And then there’s Alexander McCall Smith’s Mma. Precious Ramotswe. She made a disastrous choice of marriage partner in musician Note Mokoti, who turned out to be abusive. She also had to face admitting as much to her father Obed Ramotswe, who’d always suspected as much, when she moved back in with him. What’s more, she lost her only child. That’s enough grief to set anyone back for a long time, perhaps permanently. And Mma. Ramotswe doesn’t deny that she has had her share of suffering in life. And yet, she gets on with the business of living, even after the death of her beloved father. She starts her own detective agency, she remains a part of the community’s social life, and she even marries again. Her second husband Mr.

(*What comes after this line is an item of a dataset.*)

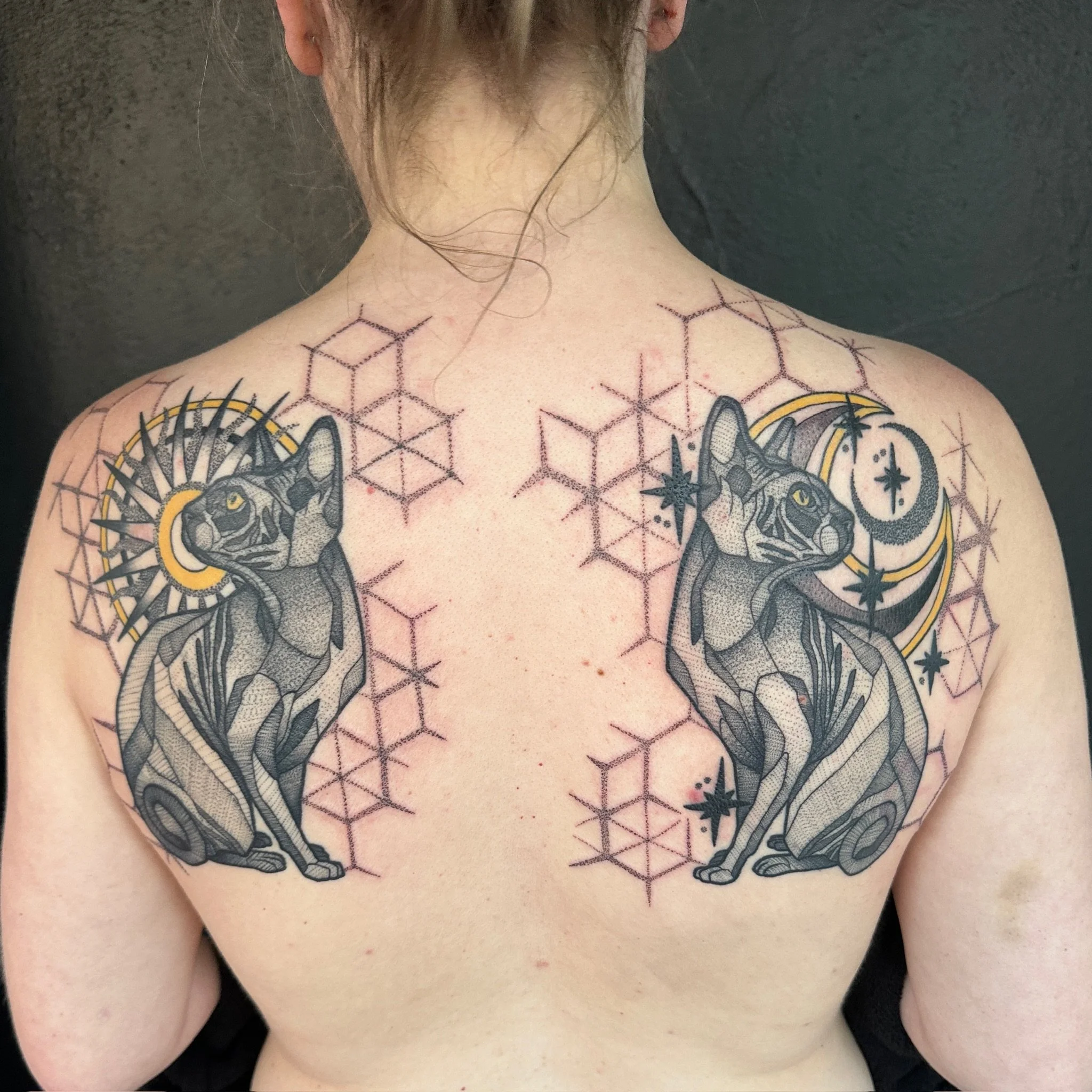 Back of a person's neck and shoulders with tattoos, including geometric patterns and animal imagery, against a dark background.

J.L.B. Matekoni proves to be a much better choice of partner, and Mma. Ramotswe learns to find contentment in her life. She also finds that she’s quite good at the detection business.
Geoffrey McGeachin’s Melbourne cop Charlie Berlin is also made of sturdy stuff. A WWII veteran, he’s seen his share of death and inhumanity in the war and at times it haunts him. He’s had a difficult time settling back into peacetime Australia, too. He’s had other sadness in his life as well, and we could understand it if he gave up completely. But as we see in The Diggers Rest Hotel, Blackwattle Creek and St. Kilda Blues, he doesn’t crumple up. He makes a real life for himself, complete with a wife Rebecca whom he loves, and two children whom he also loves deeply. Life has its bad moments for Charlie Berlin, but he gets back to the business of living. At the same time, he doesn’t deny some of the awfulness of what he’s seen and had to do.
That’s a difficult balance to achieve, but when it works, the result can be a really memorable and even admirable character. I’ve only touched on a few examples. Over to you.
*NOTE: The title of this post is a line from the All-American Rejects’ Move Along.